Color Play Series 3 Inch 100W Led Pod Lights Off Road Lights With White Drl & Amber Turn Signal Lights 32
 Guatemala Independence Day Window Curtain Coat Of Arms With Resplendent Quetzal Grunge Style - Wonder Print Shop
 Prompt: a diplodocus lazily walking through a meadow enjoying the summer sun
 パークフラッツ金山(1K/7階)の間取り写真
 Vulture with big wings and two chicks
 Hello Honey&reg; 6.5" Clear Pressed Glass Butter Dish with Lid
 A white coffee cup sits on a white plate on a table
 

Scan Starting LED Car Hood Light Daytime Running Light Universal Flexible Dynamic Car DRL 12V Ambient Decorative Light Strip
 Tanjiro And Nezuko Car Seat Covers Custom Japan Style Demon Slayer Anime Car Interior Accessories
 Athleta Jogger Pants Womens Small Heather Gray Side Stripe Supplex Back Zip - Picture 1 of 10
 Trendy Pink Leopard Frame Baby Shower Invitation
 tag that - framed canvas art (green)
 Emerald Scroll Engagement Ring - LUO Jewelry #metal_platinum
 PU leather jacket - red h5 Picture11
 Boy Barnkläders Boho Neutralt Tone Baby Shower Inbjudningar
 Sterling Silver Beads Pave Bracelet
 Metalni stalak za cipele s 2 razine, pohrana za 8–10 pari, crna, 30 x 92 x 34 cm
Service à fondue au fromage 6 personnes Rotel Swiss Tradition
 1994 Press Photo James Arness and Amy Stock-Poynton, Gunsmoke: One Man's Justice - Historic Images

-- What is required --
Going over every line of the entries, tally those containing the string "Shower" and report only the figure.

-- Finished exercise --
2